La primauté absolue d’une marque sur un nom de domaine

Cour d’appel de Paris, 16 janvier 2008, Sunshine et AFNIC c/ André D., et OVH Sarl.

La patiente élaboration d’un régime juridique des noms de domaines, inspirée du droit des marques semble être remise en question par un récent arrêt de la Cour d’Appel de Paris rendu le 16 janvier 2008 dans une affaire Sunshine (accessible sur le site Internet de legalis.net).

La société en nom collectif Sunshine, située à Paris, exerce le Commerce de détail d’habillement.

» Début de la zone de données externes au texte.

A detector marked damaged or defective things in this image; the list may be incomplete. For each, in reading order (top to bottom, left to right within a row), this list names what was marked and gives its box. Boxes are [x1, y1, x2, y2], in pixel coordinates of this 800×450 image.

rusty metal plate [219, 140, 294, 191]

Elle dispose de l’enregistrement figuratif SUNSHINE numéro 01 3 112 371 déposé le 19 juillet 2001 pour désigner notamment en classe 25 les vêtements y compris les bottes, les souliers et les pantoufles.

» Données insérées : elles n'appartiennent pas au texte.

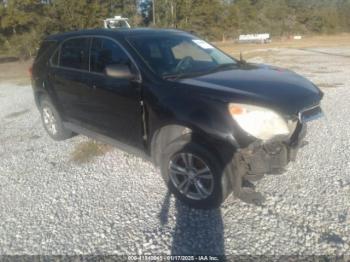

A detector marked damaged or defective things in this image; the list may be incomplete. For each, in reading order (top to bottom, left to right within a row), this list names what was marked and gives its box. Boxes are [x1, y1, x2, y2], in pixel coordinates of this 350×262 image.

crumpled hood [179, 63, 324, 115]
cracked headlight [227, 103, 296, 142]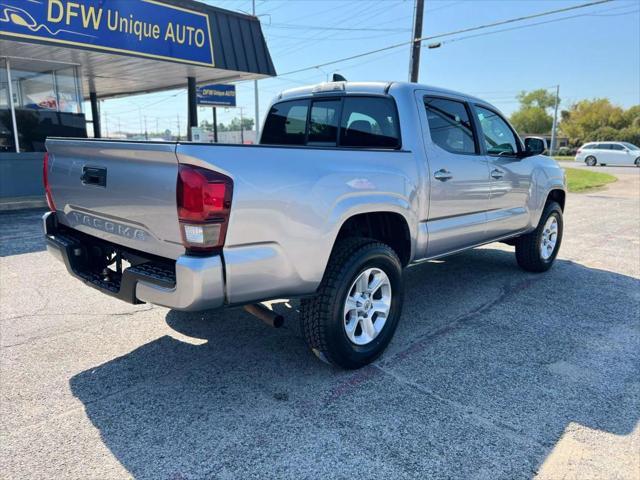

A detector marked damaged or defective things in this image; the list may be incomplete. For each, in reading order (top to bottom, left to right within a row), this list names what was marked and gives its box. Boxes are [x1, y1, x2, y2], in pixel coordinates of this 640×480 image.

cracked pavement [1, 166, 640, 480]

Le 07 avril 2005, le bureau d’enregistrement OVH réserve le nom de domaine sunshine.fr auprès de l’Association Française de Nommage sur l’Internet en Coopération, au nom de Monsieur André D. Le 22 juin 2005 André D. procédait à l’immatriculation d’une société dénommée Sunshine Production, dont l’activité consiste à produire des films institutionnels et publicitaires.

Compte tenu des activités différentes des sociétés, tout semblait suggérer une cohabitation pacifique de leurs signes distinctifs sur leurs marchés respectifs (des vêtements ne pouvant pas rentrer en relation de concurrence directe ou indirecte avec une activité cinématographique).

La société Sunshine Snc ne l’entendait pas ainsi, et sollicite le transfert du nom de domaine sunshine.fr à son bénéfice.

I. L’absence de référence au principe de spécialité.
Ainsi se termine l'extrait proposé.